Now if Biden had a congressional majority in the Senate and House approximating the majorities that Roosevelt and Johnson could count on in their first terms, buckpassing wouldn’t matter so much.
But he doesn’t. Far from it. The Democratic advantage in the Senate and House, as everyone knows, is razor thin and Republican opposition to Biden’s domestic agenda is locked in and fierce. Any Democratic defection in the Senate to a bill is its death knell. In these circumstances, mass actions should be a no brainer. But aren’t yet.
So much so, one could argue that Biden has pressed his domestic agenda better than the diverse coalition that elected him has fought for it. But the past doesn’t have to be prologue to the future. Buckpassing can give way to practical engagement on this crucial level of politics.
But will it? It should, but as we inch closer to November, the attention of elected represenatives of both parties and their various constitutencies will migrate from the halls of Congress to the vector of electoral politics.

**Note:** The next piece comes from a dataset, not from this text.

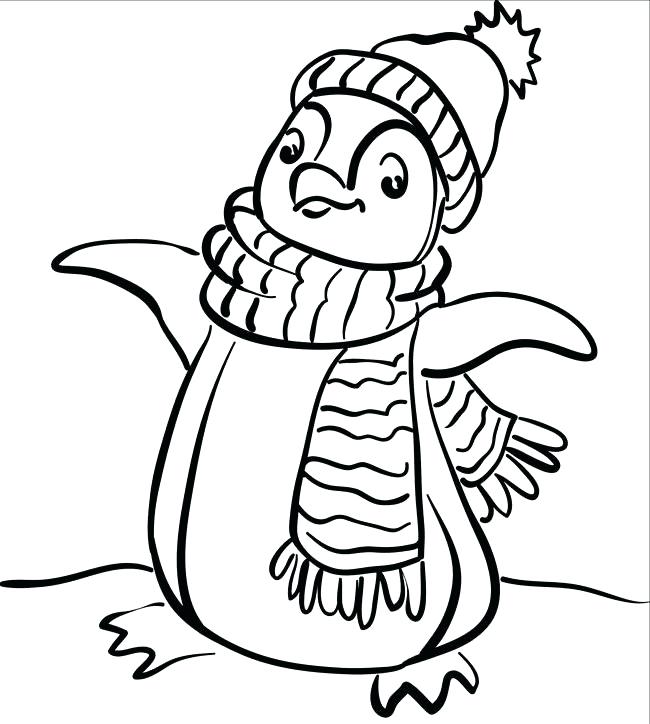 650x724 Penguin Christmas Coloring Pages Cute Penguin Animal Coloring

Moreover, the the foreign policy of the Biden administration – and in particular its unequivocal support of Ukraine and fierce opposition to Putin – have become an escape hatch for some progressive and radical people to further distance them from the administration.
Finally, the results of the November elections, no matter their outcome, will likely trigger a recalibration of the posture of progressive and left activists toward the Biden administration and Democratic Party. In what way isn’t yet clear.